◆ Provided records

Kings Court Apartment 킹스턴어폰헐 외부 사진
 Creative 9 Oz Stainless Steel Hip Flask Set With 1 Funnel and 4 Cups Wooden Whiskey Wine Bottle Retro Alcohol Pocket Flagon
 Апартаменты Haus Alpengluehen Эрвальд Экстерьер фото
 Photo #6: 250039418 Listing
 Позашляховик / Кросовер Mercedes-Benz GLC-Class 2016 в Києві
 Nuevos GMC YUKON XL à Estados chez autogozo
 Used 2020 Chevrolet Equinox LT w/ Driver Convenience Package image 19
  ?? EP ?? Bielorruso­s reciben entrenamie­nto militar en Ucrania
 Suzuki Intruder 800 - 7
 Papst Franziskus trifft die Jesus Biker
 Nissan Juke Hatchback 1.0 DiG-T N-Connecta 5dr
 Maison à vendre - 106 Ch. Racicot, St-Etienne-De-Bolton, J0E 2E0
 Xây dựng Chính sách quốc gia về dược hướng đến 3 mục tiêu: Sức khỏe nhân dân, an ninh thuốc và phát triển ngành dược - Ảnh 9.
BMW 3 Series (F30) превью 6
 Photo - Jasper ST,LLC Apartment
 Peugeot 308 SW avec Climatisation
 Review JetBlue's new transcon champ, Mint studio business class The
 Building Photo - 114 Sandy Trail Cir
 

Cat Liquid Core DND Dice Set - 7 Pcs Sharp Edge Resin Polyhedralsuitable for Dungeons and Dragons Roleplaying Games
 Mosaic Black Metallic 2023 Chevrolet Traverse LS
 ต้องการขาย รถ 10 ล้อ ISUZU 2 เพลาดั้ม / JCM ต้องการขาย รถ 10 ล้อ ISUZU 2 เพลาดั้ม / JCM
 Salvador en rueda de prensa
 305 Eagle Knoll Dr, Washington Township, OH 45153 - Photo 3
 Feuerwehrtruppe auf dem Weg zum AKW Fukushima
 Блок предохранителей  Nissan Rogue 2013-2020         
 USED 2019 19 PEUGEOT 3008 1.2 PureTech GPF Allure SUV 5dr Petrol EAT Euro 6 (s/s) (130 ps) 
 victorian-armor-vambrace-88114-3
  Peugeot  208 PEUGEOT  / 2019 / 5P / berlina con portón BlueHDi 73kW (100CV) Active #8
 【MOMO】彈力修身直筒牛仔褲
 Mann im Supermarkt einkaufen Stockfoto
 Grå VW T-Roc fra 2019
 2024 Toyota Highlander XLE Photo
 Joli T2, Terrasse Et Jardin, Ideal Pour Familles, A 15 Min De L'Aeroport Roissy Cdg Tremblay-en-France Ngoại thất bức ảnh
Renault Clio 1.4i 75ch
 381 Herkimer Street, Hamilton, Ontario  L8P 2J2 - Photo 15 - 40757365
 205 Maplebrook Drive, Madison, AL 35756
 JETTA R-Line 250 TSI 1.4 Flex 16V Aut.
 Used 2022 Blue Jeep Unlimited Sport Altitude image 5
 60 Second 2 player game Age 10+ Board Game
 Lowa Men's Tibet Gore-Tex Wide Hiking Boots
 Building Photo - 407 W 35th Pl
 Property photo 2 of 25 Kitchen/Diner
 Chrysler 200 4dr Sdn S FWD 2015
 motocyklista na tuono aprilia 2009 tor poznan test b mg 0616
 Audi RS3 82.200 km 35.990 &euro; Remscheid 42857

◆ Exercise brief
Within the listing above, the range opens at the line with "Позашляховик / Кросовер" and closes at the line with "Suzuki Intruder 800 - 7". Reproduce exactly the lines of that range, including both ends.

◆ Solution below
 Позашляховик / Кросовер Mercedes-Benz GLC-Class 2016 в Києві
 Nuevos GMC YUKON XL à Estados chez autogozo
 Used 2020 Chevrolet Equinox LT w/ Driver Convenience Package image 19
  ?? EP ?? Bielorruso­s reciben entrenamie­nto militar en Ucrania
 Suzuki Intruder 800 - 7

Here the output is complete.